**** Given data

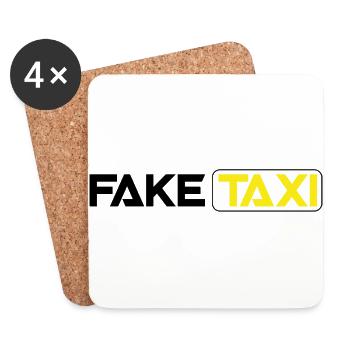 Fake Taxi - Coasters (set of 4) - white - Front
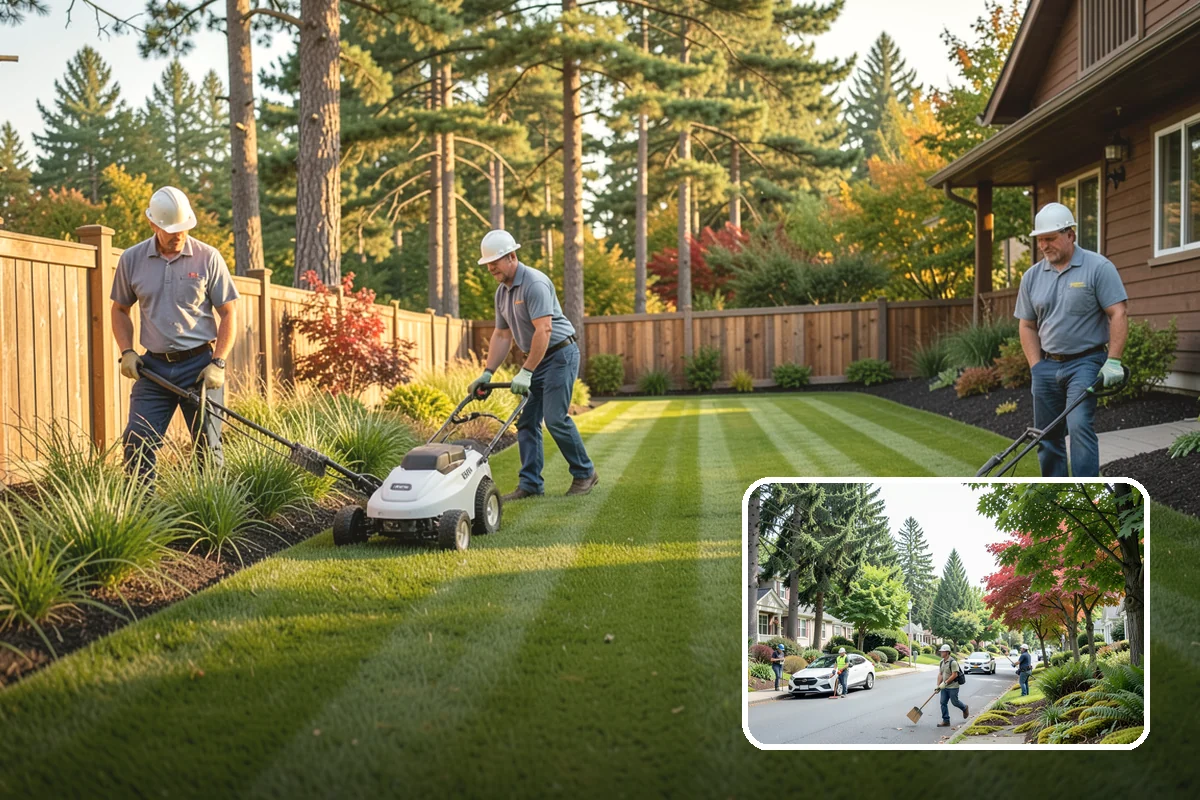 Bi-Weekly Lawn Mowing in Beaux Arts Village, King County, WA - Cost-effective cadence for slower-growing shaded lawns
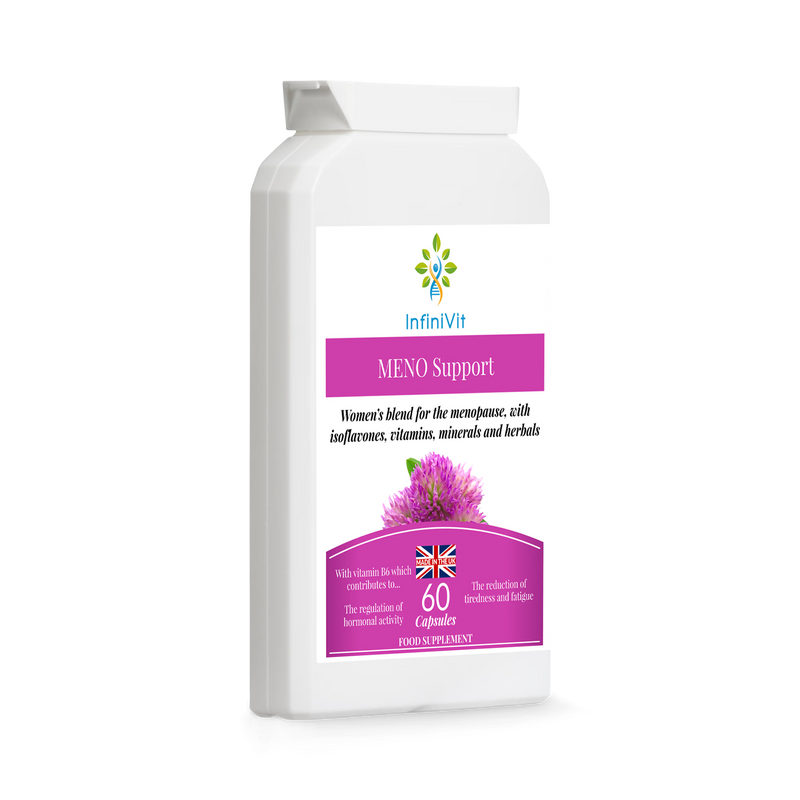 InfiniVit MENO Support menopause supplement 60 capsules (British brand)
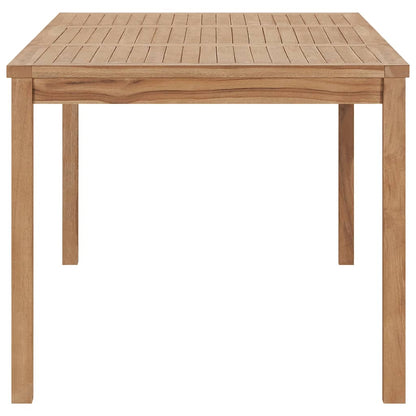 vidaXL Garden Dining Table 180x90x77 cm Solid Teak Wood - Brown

********

- Required action -
Leave the pictures out and return the rest of the material exactly.

- Exercise response -
 Fake Taxi - Coasters (set of 4) - white - Front
 Bi-Weekly Lawn Mowing in Beaux Arts Village, King County, WA - Cost-effective cadence for slower-growing shaded lawns
 InfiniVit MENO Support menopause supplement 60 capsules (British brand)
 vidaXL Garden Dining Table 180x90x77 cm Solid Teak Wood - Brown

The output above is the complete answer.